The data:

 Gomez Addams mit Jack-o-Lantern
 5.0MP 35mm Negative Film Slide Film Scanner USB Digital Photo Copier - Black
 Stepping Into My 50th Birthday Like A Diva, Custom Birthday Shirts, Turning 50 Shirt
* * *
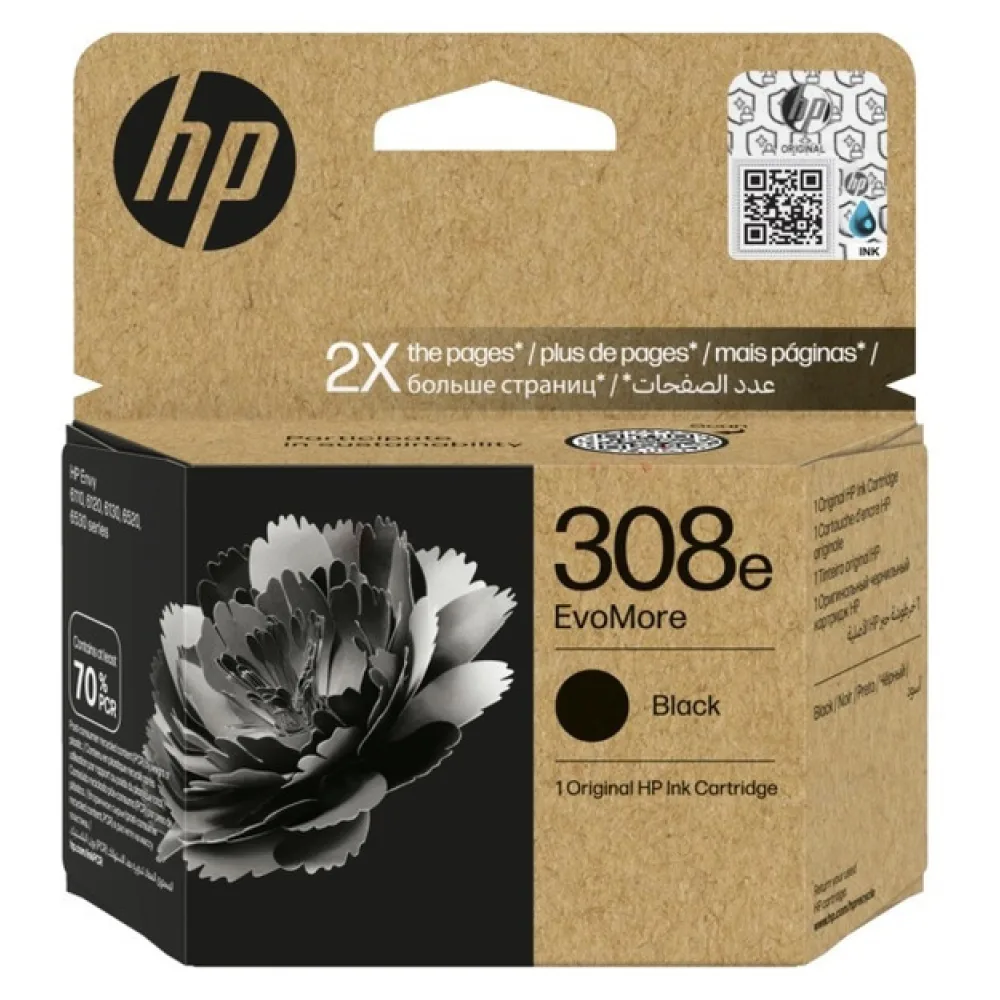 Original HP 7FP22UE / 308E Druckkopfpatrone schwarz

Instructions to follow:
Print again the lines of the entries above that fall between the line holding "Gomez Addams mit Jack-o-Lantern" and the line holding "Stepping Into My", inclusive, exactly as they stand.

Response area:
 Gomez Addams mit Jack-o-Lantern
 5.0MP 35mm Negative Film Slide Film Scanner USB Digital Photo Copier - Black
 Stepping Into My 50th Birthday Like A Diva, Custom Birthday Shirts, Turning 50 Shirt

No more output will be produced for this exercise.